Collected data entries
....................
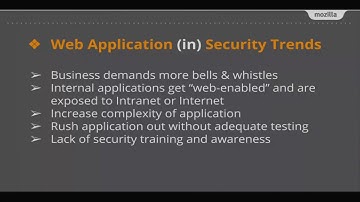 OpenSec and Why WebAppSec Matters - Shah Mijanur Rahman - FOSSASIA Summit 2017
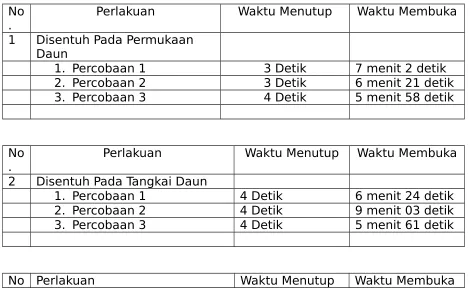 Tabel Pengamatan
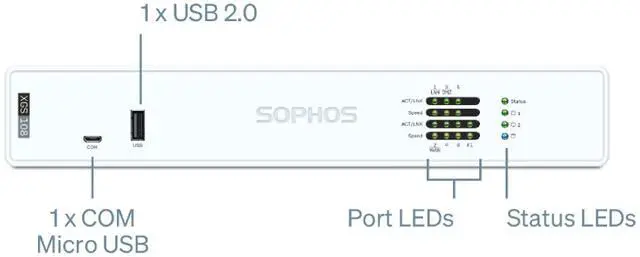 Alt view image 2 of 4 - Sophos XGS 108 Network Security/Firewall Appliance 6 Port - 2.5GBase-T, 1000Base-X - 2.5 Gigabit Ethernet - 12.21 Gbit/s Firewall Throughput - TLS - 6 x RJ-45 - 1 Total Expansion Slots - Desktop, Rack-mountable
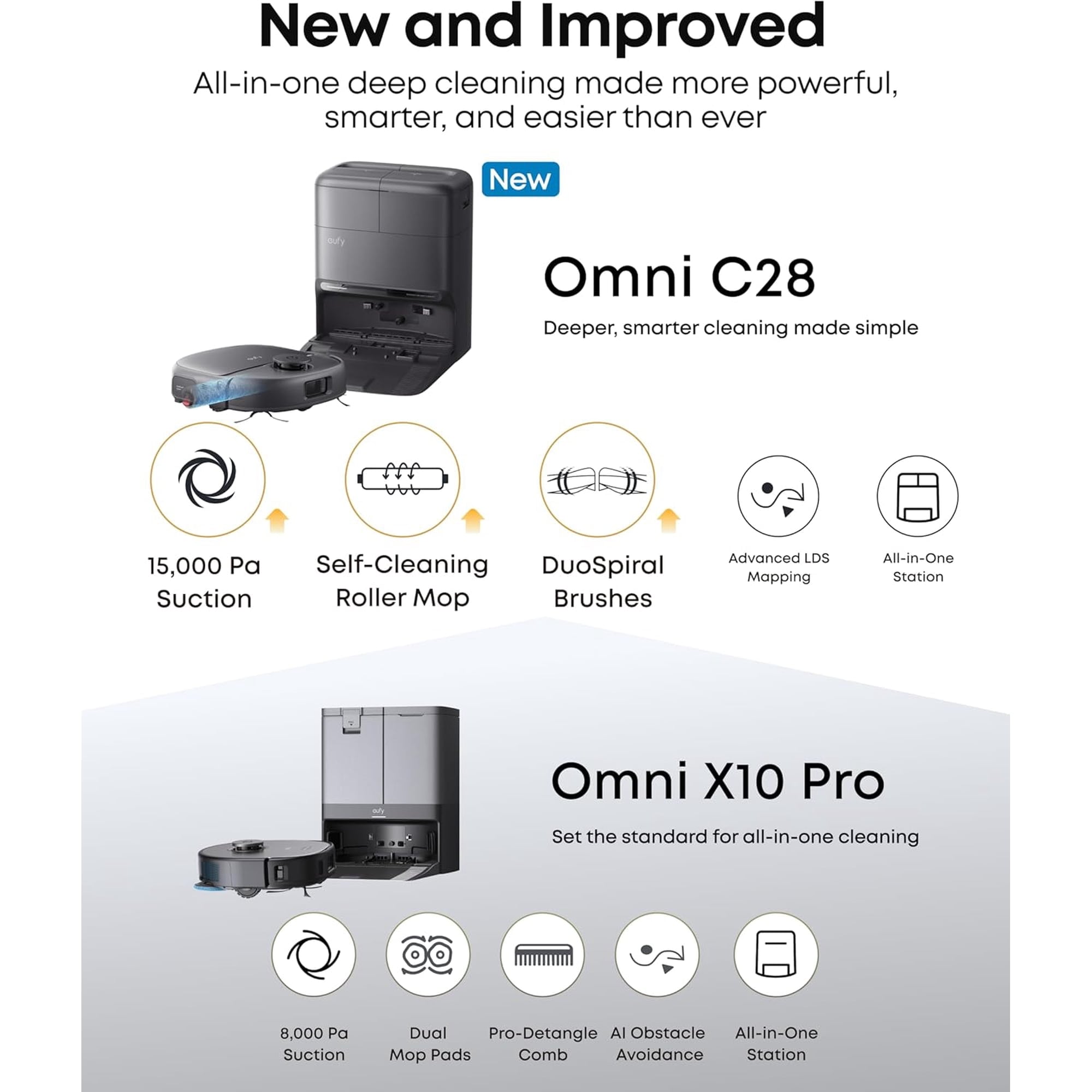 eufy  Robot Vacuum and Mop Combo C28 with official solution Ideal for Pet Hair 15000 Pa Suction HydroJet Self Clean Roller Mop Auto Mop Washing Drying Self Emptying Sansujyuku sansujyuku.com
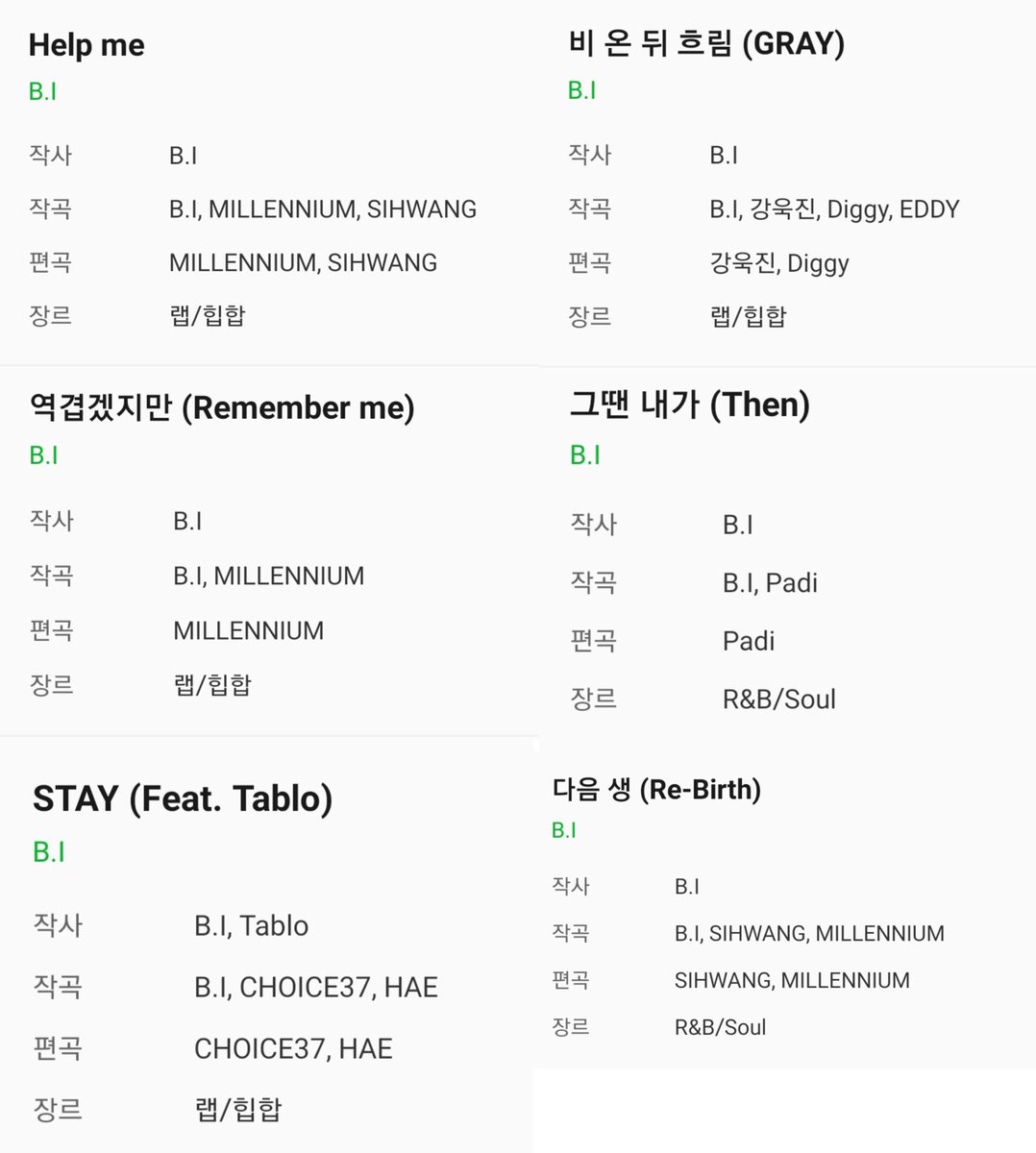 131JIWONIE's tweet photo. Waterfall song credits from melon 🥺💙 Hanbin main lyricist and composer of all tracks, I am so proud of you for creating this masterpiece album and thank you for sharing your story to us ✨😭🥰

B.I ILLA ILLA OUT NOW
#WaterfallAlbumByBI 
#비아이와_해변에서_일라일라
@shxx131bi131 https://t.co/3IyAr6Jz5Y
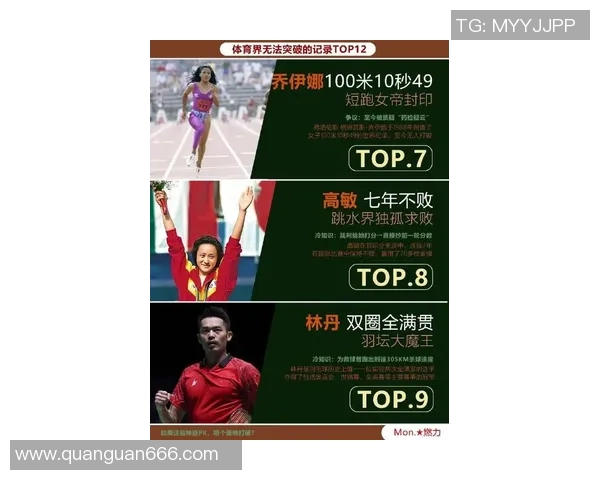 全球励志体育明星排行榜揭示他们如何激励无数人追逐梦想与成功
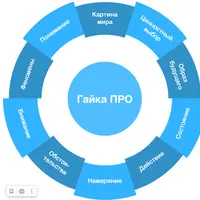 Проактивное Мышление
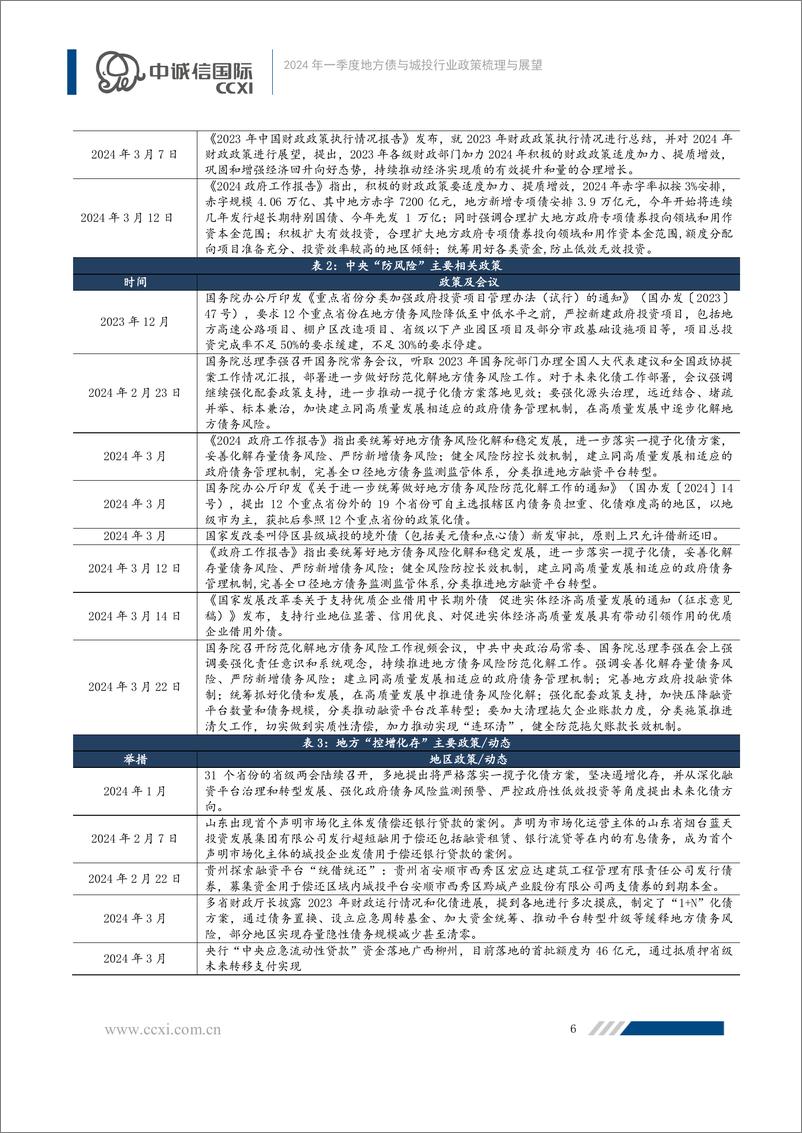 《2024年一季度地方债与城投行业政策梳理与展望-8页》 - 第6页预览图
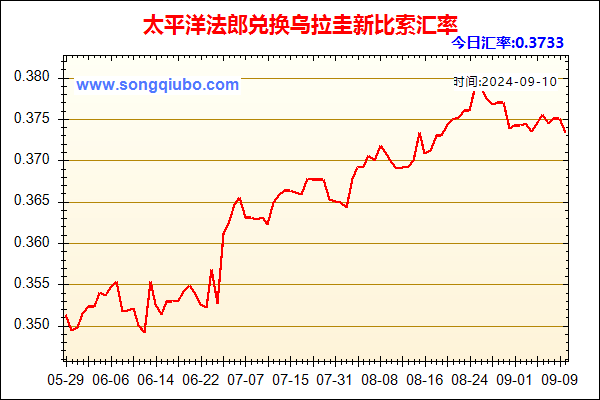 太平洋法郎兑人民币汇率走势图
....................
■ PROBLEM TO SOLVE
Skipping any pictures, copy the line that holds "B.I ILLA ILLA OUT NOW" and each line after it through the last line of the records, unchanged, and no other lines.

■ RESPONSE AREA
B.I ILLA ILLA OUT NOW
#WaterfallAlbumByBI 
#비아이와_해변에서_일라일라
@shxx131bi131 https://t.co/3IyAr6Jz5Y
 全球励志体育明星排行榜揭示他们如何激励无数人追逐梦想与成功
 Проактивное Мышление
 《2024年一季度地方债与城投行业政策梳理与展望-8页》 - 第6页预览图
 太平洋法郎兑人民币汇率走势图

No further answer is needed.